I would watch the boys drool over my sister and think “Why can’t the boys look at me that way?” I would watch every boy I ever felt any attraction to turn me down and run to someone prettier. “Is it my hair?” “Is it my body?” “Is it the way I dress?” I would ask myself.

“Maybe I need to show more skin, or maybe I need to show less.”

I doubted who I was, who I was becoming, or who I could be.

When transiting to high school, I noticed that many students were living different lives and I realized that I was one of those students. It’s no secret today that I was living in a homeless shelter, at school I was able to be someone I wasn’t, anything to help boost my confidence. Growing up I was always the outcast so for once I just wanted to fit in, no matter what the cost was, I paid for it.

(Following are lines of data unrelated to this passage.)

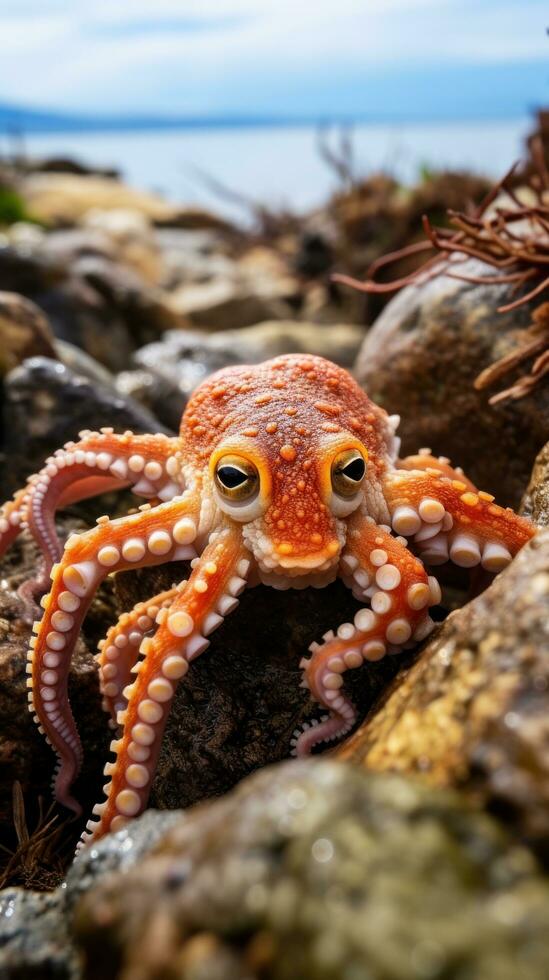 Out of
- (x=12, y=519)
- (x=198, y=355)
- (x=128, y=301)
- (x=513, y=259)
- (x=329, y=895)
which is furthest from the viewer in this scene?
(x=128, y=301)

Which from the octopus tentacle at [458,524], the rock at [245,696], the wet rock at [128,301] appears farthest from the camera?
the wet rock at [128,301]

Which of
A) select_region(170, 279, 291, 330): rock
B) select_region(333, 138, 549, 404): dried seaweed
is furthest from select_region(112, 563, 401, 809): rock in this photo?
select_region(170, 279, 291, 330): rock

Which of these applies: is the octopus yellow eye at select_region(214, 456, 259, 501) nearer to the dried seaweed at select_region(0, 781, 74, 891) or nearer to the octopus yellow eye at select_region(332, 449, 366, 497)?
the octopus yellow eye at select_region(332, 449, 366, 497)

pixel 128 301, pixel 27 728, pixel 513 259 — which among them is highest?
pixel 513 259

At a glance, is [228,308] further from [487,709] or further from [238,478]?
[487,709]

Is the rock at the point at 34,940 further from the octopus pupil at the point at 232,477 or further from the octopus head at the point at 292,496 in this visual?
the octopus pupil at the point at 232,477

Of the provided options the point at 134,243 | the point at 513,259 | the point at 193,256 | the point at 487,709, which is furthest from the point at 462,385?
the point at 193,256

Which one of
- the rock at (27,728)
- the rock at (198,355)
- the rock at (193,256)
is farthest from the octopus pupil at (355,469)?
the rock at (193,256) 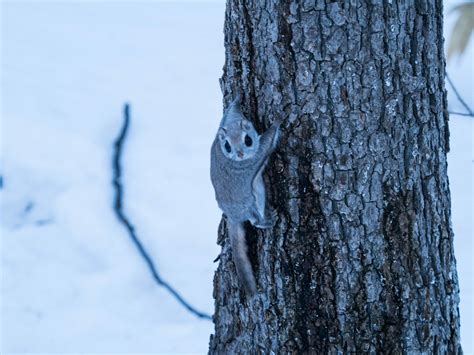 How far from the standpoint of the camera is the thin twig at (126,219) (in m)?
3.31

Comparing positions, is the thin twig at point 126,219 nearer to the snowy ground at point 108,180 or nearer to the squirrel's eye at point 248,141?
the snowy ground at point 108,180

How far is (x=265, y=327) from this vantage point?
1.75m

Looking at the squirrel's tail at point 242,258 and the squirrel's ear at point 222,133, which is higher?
the squirrel's ear at point 222,133

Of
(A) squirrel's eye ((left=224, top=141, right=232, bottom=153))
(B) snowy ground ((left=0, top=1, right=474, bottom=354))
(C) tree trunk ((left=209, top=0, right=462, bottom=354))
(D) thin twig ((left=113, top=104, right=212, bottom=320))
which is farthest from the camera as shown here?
(D) thin twig ((left=113, top=104, right=212, bottom=320))

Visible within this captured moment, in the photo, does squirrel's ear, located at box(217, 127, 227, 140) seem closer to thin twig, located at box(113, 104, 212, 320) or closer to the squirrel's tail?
the squirrel's tail

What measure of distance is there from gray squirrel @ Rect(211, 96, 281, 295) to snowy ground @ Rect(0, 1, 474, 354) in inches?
53.5

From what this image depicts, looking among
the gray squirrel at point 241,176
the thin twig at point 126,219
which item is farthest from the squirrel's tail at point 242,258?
the thin twig at point 126,219

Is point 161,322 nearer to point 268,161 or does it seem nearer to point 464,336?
point 464,336

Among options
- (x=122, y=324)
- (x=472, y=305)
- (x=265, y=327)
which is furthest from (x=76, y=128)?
(x=265, y=327)

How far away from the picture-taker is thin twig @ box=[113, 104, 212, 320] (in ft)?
10.9

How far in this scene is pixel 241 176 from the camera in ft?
5.46

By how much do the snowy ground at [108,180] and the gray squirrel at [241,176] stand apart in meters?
1.36

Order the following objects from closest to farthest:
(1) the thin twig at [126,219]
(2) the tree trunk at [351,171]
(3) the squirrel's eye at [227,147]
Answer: (2) the tree trunk at [351,171] → (3) the squirrel's eye at [227,147] → (1) the thin twig at [126,219]

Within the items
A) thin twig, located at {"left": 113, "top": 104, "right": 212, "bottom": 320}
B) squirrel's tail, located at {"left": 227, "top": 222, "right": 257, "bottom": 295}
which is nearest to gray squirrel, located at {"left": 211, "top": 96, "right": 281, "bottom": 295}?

Honestly, trying to fit in just made it worse. The littlest things would shoot my confidence down again, and suddenly I was back at square one. I saw so much sadness when I looked at myself in the mirror, I wasn’t happy with the way I looked. I wanted to be prettier, skinnier, and happier.

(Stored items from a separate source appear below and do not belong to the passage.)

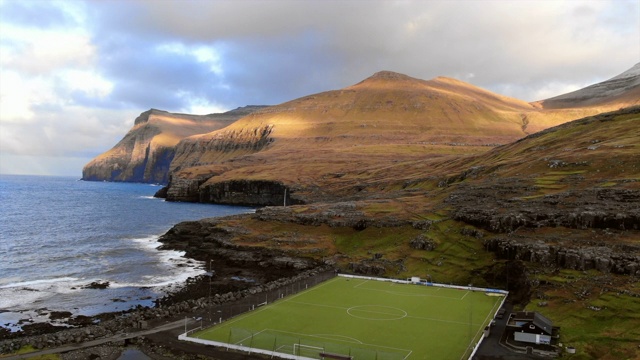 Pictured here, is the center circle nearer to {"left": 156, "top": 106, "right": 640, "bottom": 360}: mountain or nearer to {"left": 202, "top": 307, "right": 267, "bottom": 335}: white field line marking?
{"left": 202, "top": 307, "right": 267, "bottom": 335}: white field line marking

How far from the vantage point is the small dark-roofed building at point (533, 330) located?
4875 cm

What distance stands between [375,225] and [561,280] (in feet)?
140

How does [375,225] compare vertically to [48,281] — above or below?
above

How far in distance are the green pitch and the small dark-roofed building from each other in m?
4.54

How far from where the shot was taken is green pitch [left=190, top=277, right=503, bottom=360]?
160ft

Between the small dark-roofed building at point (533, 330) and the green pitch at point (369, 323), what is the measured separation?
4544 millimetres

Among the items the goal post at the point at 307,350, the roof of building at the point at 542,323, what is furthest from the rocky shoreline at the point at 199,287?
the roof of building at the point at 542,323

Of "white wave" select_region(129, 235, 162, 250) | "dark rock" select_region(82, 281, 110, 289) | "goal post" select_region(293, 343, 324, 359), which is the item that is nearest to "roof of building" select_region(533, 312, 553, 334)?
"goal post" select_region(293, 343, 324, 359)

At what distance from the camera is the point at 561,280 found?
63.3 meters

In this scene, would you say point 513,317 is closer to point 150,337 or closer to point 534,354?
point 534,354

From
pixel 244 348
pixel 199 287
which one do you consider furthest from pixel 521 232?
pixel 199 287

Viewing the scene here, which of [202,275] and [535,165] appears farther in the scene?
[535,165]

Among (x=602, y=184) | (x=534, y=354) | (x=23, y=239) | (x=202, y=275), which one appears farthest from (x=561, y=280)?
(x=23, y=239)

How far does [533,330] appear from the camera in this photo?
49.2 m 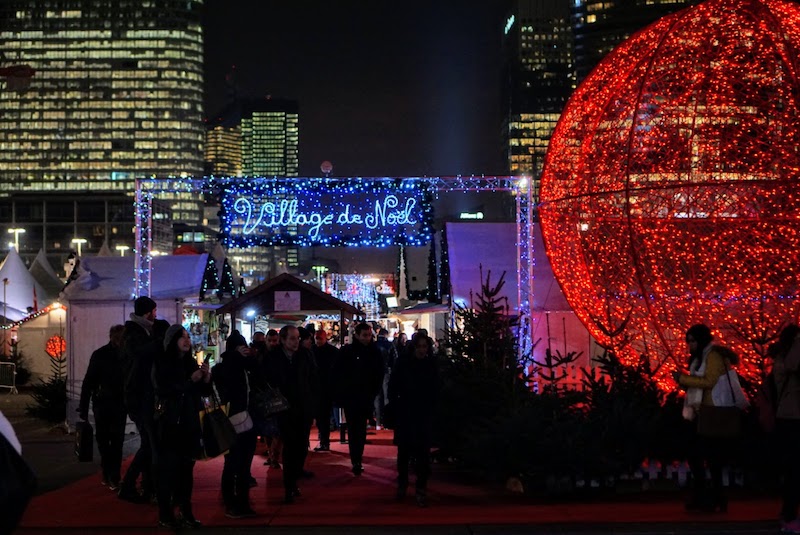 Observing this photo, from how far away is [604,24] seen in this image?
193625 mm

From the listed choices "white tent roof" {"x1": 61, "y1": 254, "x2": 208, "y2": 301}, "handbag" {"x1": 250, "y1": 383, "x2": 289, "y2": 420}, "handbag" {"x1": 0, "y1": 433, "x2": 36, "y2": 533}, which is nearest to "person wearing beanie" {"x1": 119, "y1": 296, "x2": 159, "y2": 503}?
"handbag" {"x1": 250, "y1": 383, "x2": 289, "y2": 420}

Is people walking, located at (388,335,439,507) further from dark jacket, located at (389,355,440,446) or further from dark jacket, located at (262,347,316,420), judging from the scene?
dark jacket, located at (262,347,316,420)

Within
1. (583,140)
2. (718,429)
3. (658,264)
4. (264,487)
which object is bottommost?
(264,487)

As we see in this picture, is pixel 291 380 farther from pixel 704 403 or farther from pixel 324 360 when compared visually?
pixel 324 360

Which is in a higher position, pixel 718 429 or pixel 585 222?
pixel 585 222

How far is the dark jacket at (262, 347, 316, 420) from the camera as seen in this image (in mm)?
10156

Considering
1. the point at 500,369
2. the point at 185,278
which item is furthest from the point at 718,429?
the point at 185,278

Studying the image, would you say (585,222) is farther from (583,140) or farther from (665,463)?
(665,463)

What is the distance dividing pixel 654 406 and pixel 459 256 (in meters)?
12.7

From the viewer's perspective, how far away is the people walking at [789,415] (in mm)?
8172

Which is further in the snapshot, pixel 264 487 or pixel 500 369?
pixel 500 369

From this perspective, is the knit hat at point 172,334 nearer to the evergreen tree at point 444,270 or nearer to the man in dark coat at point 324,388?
the man in dark coat at point 324,388

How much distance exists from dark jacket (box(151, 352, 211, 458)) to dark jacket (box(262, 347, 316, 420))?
5.59 ft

I thought maybe I needed to lose weight, I would purge to get rid of the food I ate. Thankfully, I realized that it was unhealthy and stopped before it got serious. It wasn’t just confidence on the outside; it was confidence within. I was afraid to be my true self because I wanted people to notice me. Being myself never worked in middle school, I was invisible.

Many people thought I was someone confident with herself, outspoken and bubbly, but it was all an act, I think I deserve an Oscar for how much of an act I put up in high school.

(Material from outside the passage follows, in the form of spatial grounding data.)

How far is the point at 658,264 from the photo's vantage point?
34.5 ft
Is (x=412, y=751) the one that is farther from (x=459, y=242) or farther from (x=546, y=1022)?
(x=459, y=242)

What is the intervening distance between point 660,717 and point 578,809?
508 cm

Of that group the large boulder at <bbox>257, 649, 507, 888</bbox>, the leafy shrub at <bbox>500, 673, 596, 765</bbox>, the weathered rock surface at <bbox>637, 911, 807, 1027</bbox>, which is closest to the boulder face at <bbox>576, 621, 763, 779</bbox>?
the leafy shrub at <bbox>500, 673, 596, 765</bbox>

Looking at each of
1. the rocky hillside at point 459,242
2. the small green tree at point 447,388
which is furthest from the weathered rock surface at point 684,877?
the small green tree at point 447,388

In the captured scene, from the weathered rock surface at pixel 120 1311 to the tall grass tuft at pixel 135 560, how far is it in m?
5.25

Sometimes I wish I can go back and be proud of who I was at the time instead of forcing myself to change just to be liked, but without that, I wouldn’t be who I am today.

I wasn’t aware that I was too critical of myself, I would put myself down all the time. I was naïve and fragile; I didn’t know who to speak to. I compared myself to others, which later on led to depression.

It was difficult to accept responsibility and constructive criticism, which stopped me from opportunities and prevented me from taking on new challenges. I kept pushing people away; it ruined a lot of important relationships.

I had to get to know myself and become my own best friend. I needed to feel good about myself. I spent a lot of time alone and took some time to myself. It helped me gain a better appreciation of myself.

I also had to acknowledge where I needed to change.

We all have faults; and if I didn’t recognize and acknowledge where I needed to change, it would’ve kept me stuck in a rut of poor self-esteem, which would have only gotten worse the more I tried to run from it, so I stopped running from it. I accepted things for the way they were and understood that nothing will change if I just sit and complain about life not being fair all the time. Eventually, I could find where I wanted to change, and I slowly made progress with it.

One thing I learned from this experience is that you can’t train confidence, it’s an attitude. After years of struggling to accept myself, I learned that attitude, and now I walk with it proudly.

Love yourself first, you’re not selfish for putting your needs before others. Sometimes being selfish can be the most selfless thing you can do.